=== Assigned task ===
Please return the data that follows precisely as written, but without the images.

[Source material]

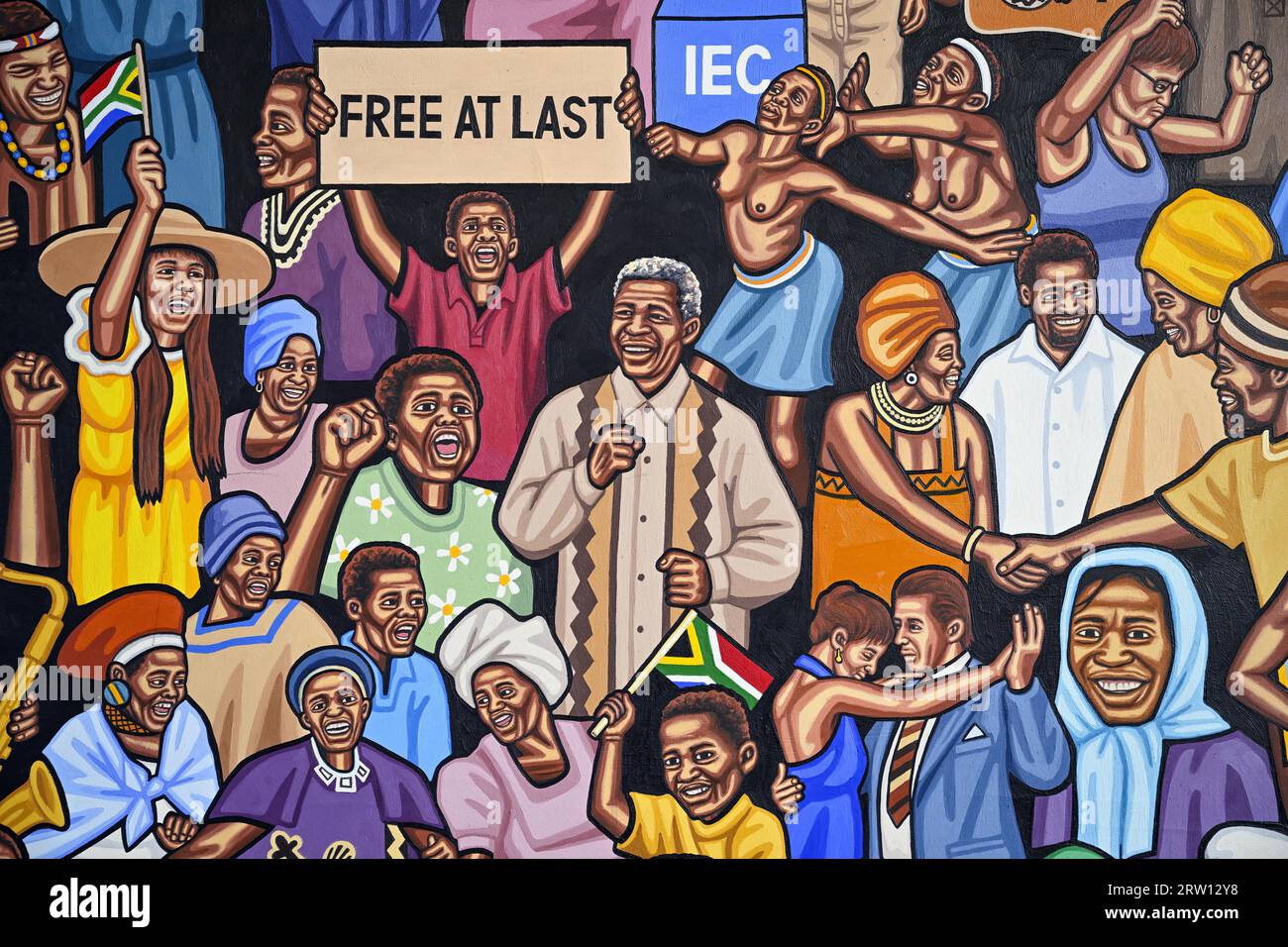 Artwork by artist Sipho Ndlovu on the history of South Africa, detail ...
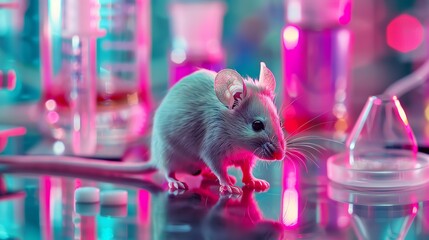 Poster - a photo of a laboratory mouse in a cage in a scientific laboratory.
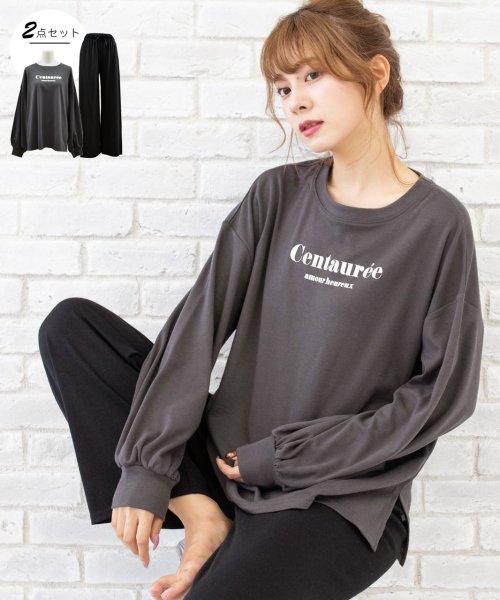 ロゴ入り長袖ルームウェア 柄 春 夏 レディース 長袖 セットアップ カジュアル 部屋着 上下セット ロゴ ルームウェア パンツ ラフ ゆったり 袖ボリューム アドティエ Ad Thie Magaseek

[/Source material]

=== Exercise response ===
 Artwork by artist Sipho Ndlovu on the history of South Africa, detail ...
 Poster - a photo of a laboratory mouse in a cage in a scientific laboratory.
 ロゴ入り長袖ルームウェア 柄 春 夏 レディース 長袖 セットアップ カジュアル 部屋着 上下セット ロゴ ルームウェア パンツ ラフ ゆったり 袖ボリューム アドティエ Ad Thie Magaseek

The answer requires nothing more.